Assignment — Look below for the line that contains "QR code with Vladimir & Son Corp contacts", then quote it and all the lines after it, exactly, with the pictures left out.

= = =

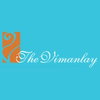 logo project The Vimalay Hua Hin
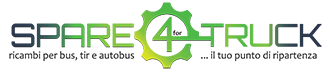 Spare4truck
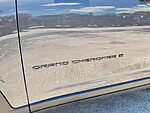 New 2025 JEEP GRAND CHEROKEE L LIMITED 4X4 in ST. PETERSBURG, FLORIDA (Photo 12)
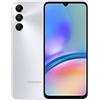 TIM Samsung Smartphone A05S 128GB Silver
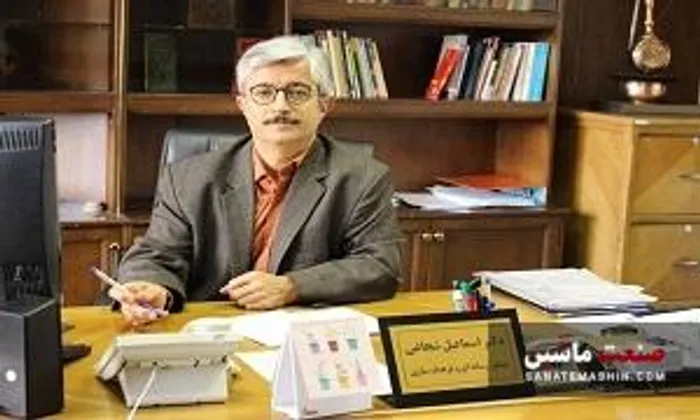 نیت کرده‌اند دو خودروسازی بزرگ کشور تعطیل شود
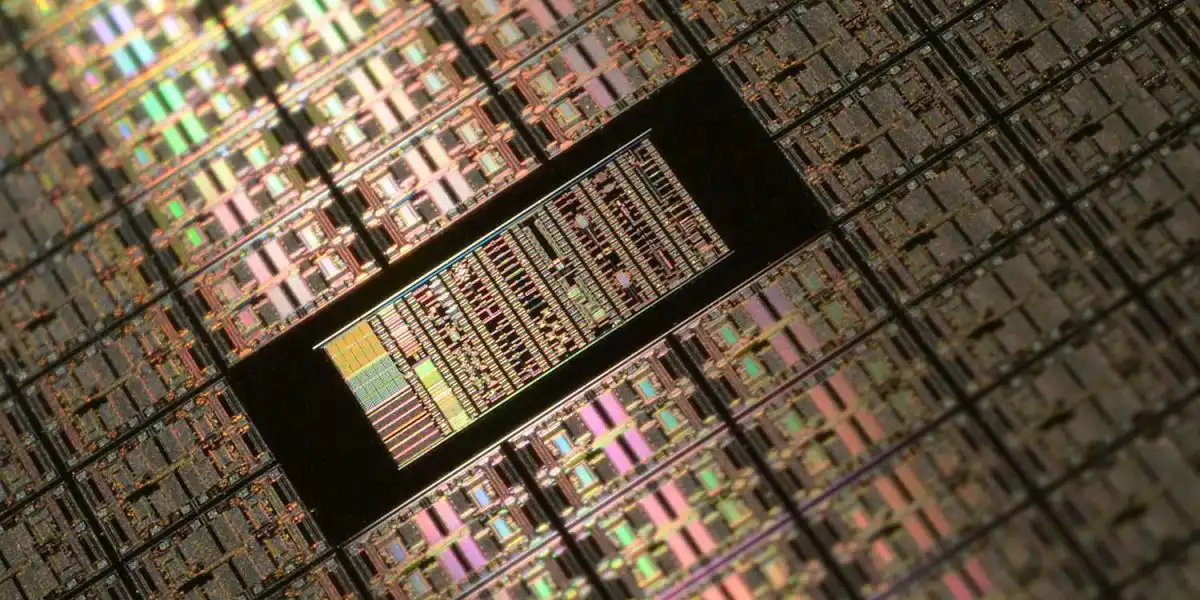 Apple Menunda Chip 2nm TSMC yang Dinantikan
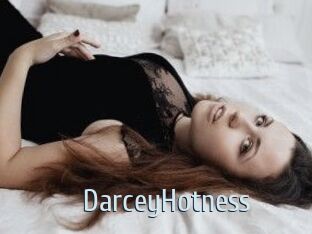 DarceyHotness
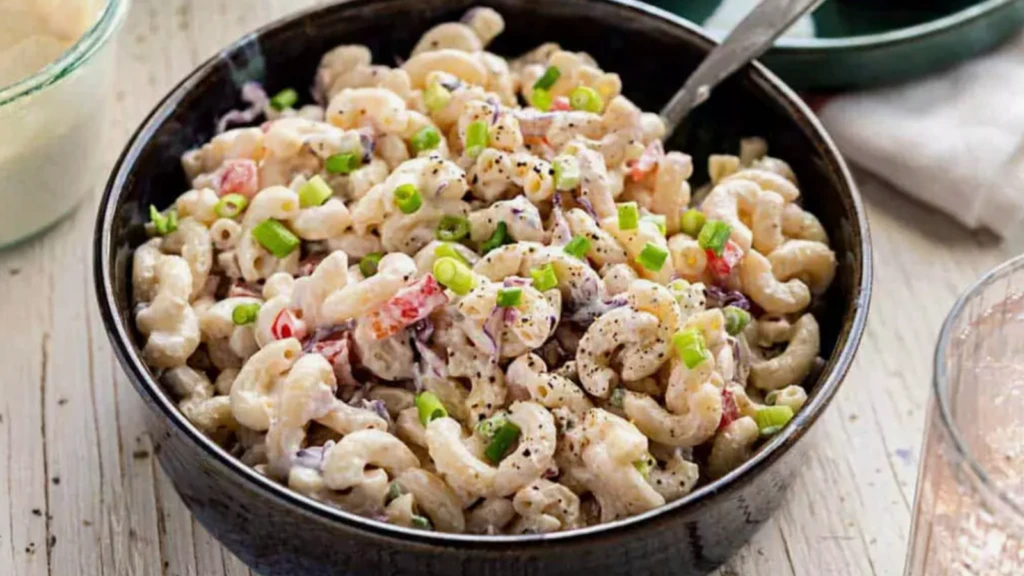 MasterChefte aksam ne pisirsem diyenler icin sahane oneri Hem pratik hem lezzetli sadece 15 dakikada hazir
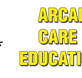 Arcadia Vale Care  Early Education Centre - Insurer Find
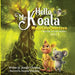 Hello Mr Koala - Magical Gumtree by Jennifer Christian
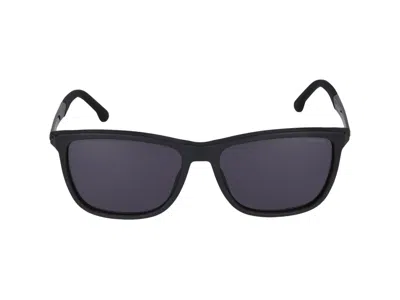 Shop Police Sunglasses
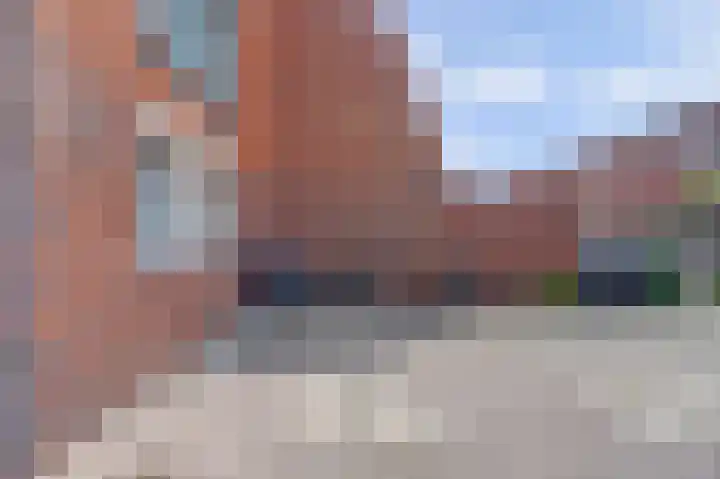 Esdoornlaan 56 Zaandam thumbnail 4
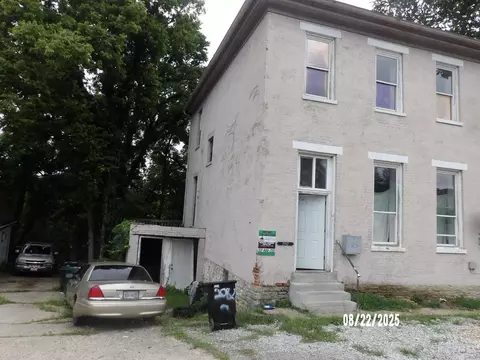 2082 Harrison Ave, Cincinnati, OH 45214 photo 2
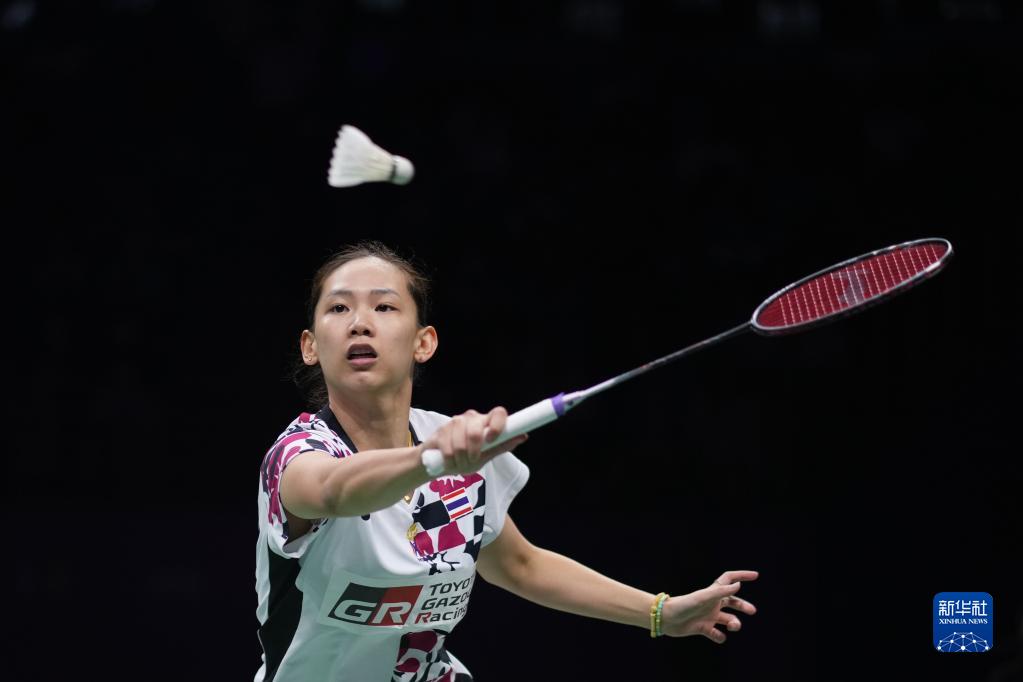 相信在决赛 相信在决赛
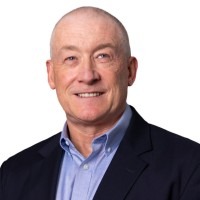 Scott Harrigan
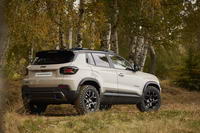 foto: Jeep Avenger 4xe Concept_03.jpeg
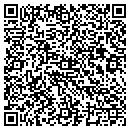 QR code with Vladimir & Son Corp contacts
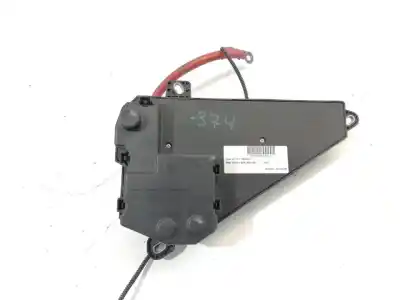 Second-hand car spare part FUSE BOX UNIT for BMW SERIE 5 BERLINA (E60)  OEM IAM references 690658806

= = =

Problem solution —
 QR code with Vladimir & Son Corp contacts
 Second-hand car spare part FUSE BOX UNIT for BMW SERIE 5 BERLINA (E60)  OEM IAM references 690658806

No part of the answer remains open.